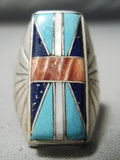 One Of The Best Vintage Native American Navajo Turquoise Lapis Inlay Sterling Silver Ring-Nativo Arts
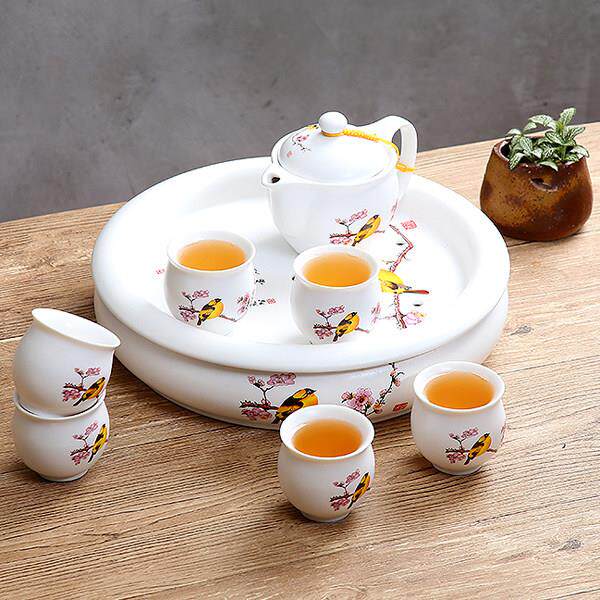 陶瓷功夫茶具双层茶杯青花瓷瓷托盘茶具成套储水圆干泡盘家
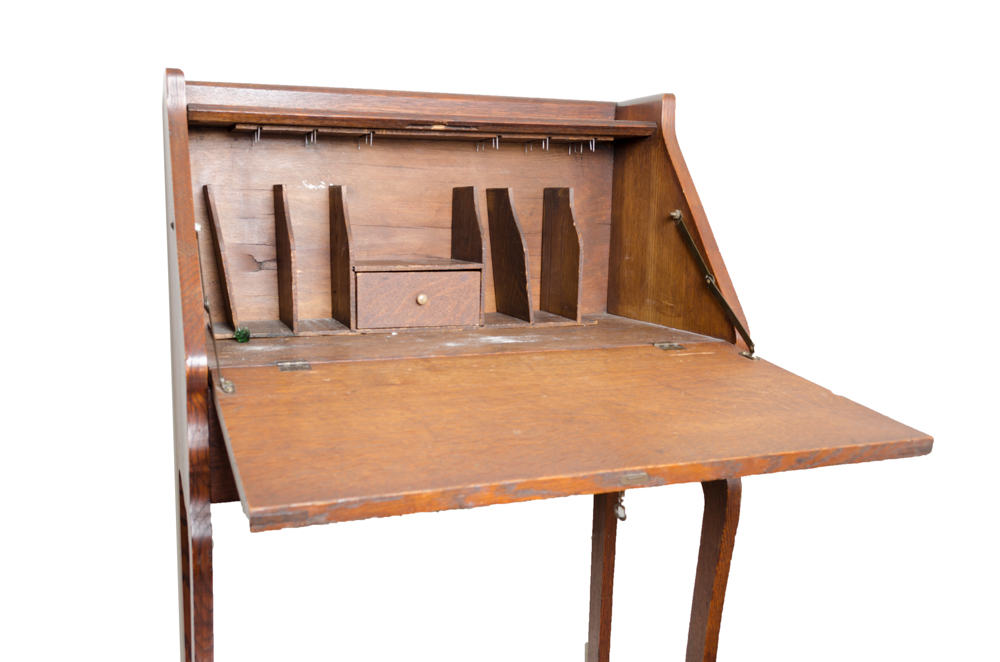 Antique Oak Slant Front Desk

══════════

*ASSIGNMENT:* Word for word, retype the material above without its pictures.

*EXERCISE SOLUTION:*
 One Of The Best Vintage Native American Navajo Turquoise Lapis Inlay Sterling Silver Ring-Nativo Arts
 陶瓷功夫茶具双层茶杯青花瓷瓷托盘茶具成套储水圆干泡盘家
 Antique Oak Slant Front Desk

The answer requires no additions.